(Given material)
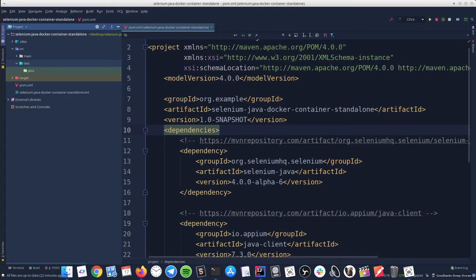Hey guys, how is it going? In today's tutorial we will learn how to use a standalone Chrome Docker container to execute UI automated tests based on a Selenium with Java framework.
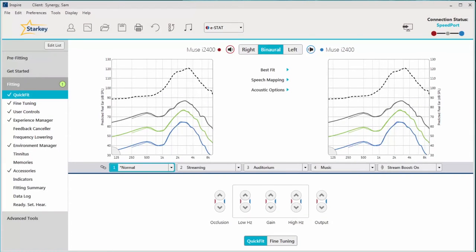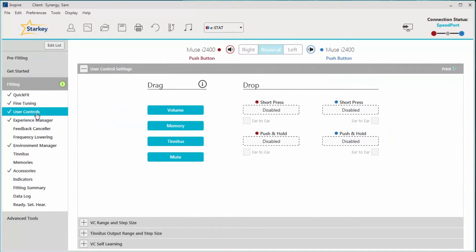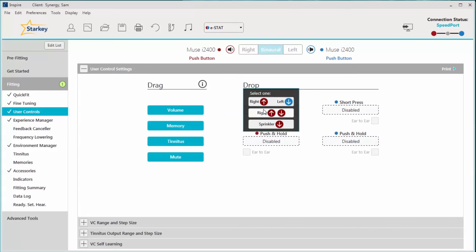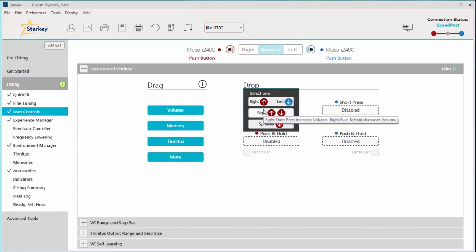While in the Inspire fitting software, simply click on the user controls from the left navigation panel. To activate the volume control for your patient, click on the volume icon and drag it to one of the four highlighted gestures on the right. I'm going to place it here in the short press gesture.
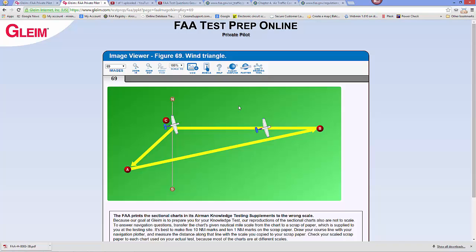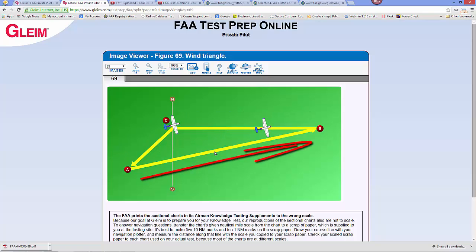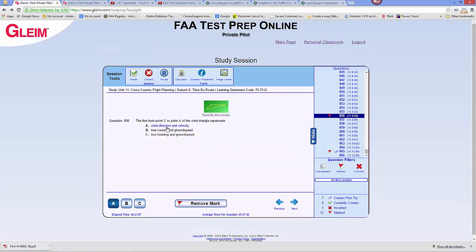We most commonly use an E6B, an electronic flight computer, or an app to figure this out. However, using graph paper and a plotter, it would be possible to draw a wind vector and a course vector to determine the heading that would be necessary to result in the desired course. So we have a wind, a course, and a heading vector here in this wind triangle — wind direction and velocity.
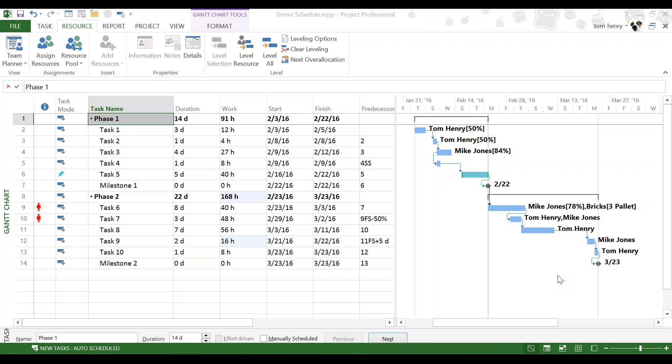Hello, everyone, and welcome to this video on baselining. Before we set a baseline in Microsoft Project, it's very important that we take a look at our schedule, make sure that everything is as it should be and that we're happy that this is an accurate forecast of what's actually going to happen going into the future.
(End Given material)
● What to produce:
In your reply, every line of the material should appear exactly as written, and no picture should.

● Solution:
Hey guys, how is it going? In today's tutorial we will learn how to use a standalone Chrome Docker container to execute UI automated tests based on a Selenium with Java framework.
While in the Inspire fitting software, simply click on the user controls from the left navigation panel. To activate the volume control for your patient, click on the volume icon and drag it to one of the four highlighted gestures on the right. I'm going to place it here in the short press gesture.
We most commonly use an E6B, an electronic flight computer, or an app to figure this out. However, using graph paper and a plotter, it would be possible to draw a wind vector and a course vector to determine the heading that would be necessary to result in the desired course. So we have a wind, a course, and a heading vector here in this wind triangle — wind direction and velocity.
Hello, everyone, and welcome to this video on baselining. Before we set a baseline in Microsoft Project, it's very important that we take a look at our schedule, make sure that everything is as it should be and that we're happy that this is an accurate forecast of what's actually going to happen going into the future.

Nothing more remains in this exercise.